Discriminant equations are an important class of Diophantine equations with close ties to algebraic number theory, Diophantine approximation and Diophantine geometry. This book is the first comprehensive account of discriminant equations and their applications. It brings together many aspects, including effective results over number fields, effective results over finitely generated domains, estimates on the number of solutions, applications to algebraic integers of given discriminant, power integral bases, canonical number systems, root separation of polynomials and reduction of hyperelliptic curves. The authors' previous title, Unit Equations in Diophantine Number Theory, laid the groundwork by presenting important results that are used as tools in the present book. This material is briefly summarized in the introductory chapters along with the necessary basic algebra and algebraic number theory, making the book accessible to experts and young researchers alike.

Preface; Summary; Part I. Preliminaries: 1. Finite étale algebras over fields; 2. Dedekind domains; 3. Algebraic number fields; 4. Tools from the theory of unit equations; Part II. Monic Polynomials and Integral Elements of Given Discriminant, Monogenic Orders: 5. Basic finiteness theorems; 6. Effective results over Z; 7. Algorithmic resolution of discriminant form and index form equations; 8. Effective results over the S-integers of a number field; 9. The number of solutions of discriminant equations; 10. Effective results over finitely generated domains; 11. Further applications; Part III. Binary Forms of Given Discriminant: 12. A brief overview of the basic finiteness theorems; 13. Reduction theory of binary forms; 14. Effective results for binary forms of given discriminant; 15. Semi-effective results for binary forms of given discriminant; 16. Invariant orders of binary forms; 17. On the number of equivalence classes of binary forms of given discriminant; 18. Further applications; Glossary of frequently used notation; References; Index.

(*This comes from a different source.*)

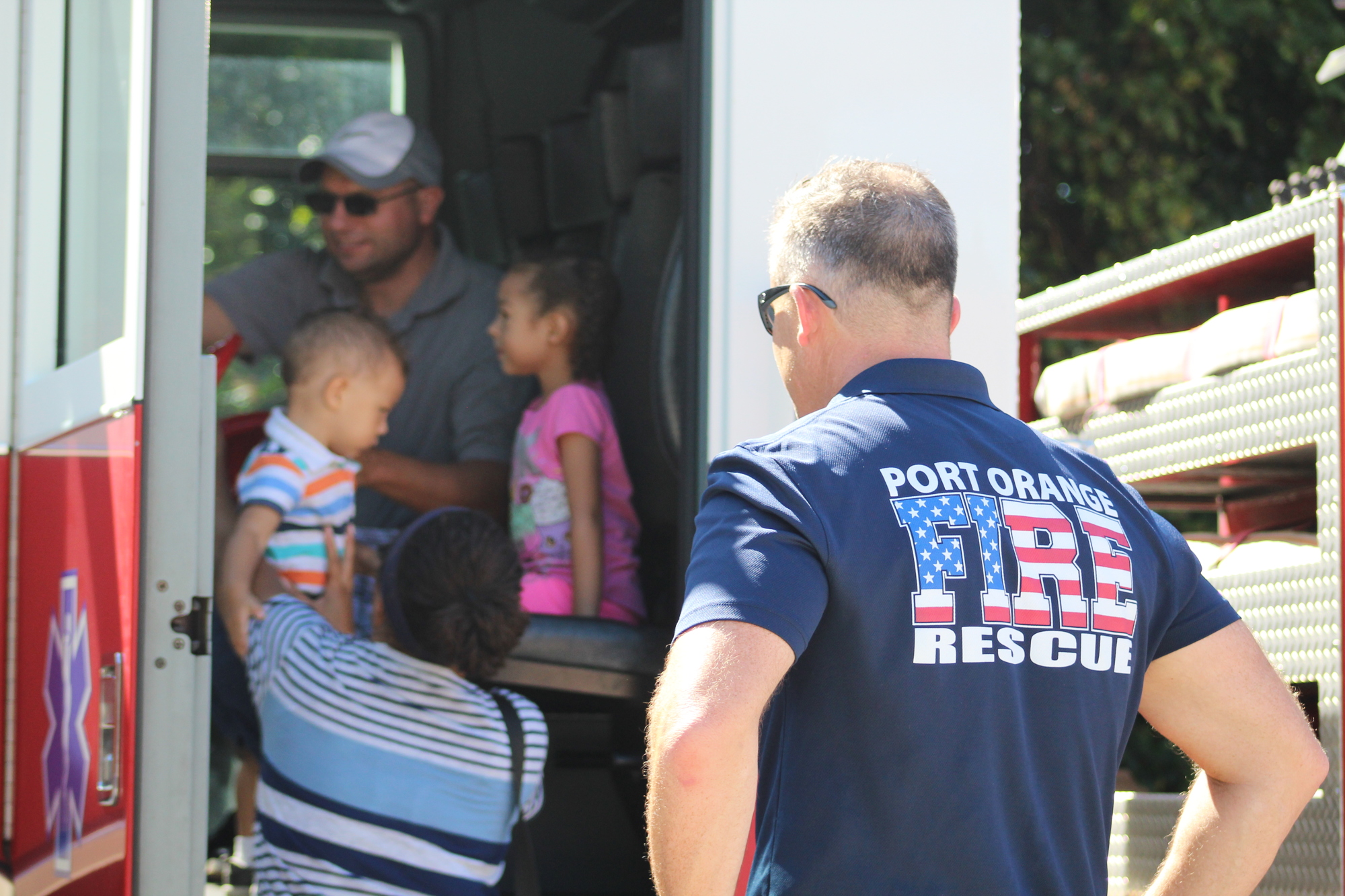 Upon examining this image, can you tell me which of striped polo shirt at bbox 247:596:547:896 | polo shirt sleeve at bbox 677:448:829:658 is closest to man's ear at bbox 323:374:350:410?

Jan-Hendrik Evertse works in the Mathematical Institute at Leiden University. His research concentrates on Diophantine approximation and applications to Diophantine problems. In this area he has obtained some influential results, in particular on estimates for the numbers of solutions of Diophantine equations and inequalities.
Kálmán Győry is Professor Emeritus at the University of Debrecen, a member of the Hungarian Academy of Sciences and a well-known researcher in Diophantine number theory. Over his career he has obtained several significant and pioneering results, among others on unit equations and decomposable form equations, and their various applications. Győry is also the founder and leader of the Number Theory Research Group in Debrecen, which consists of his former students and their descendants.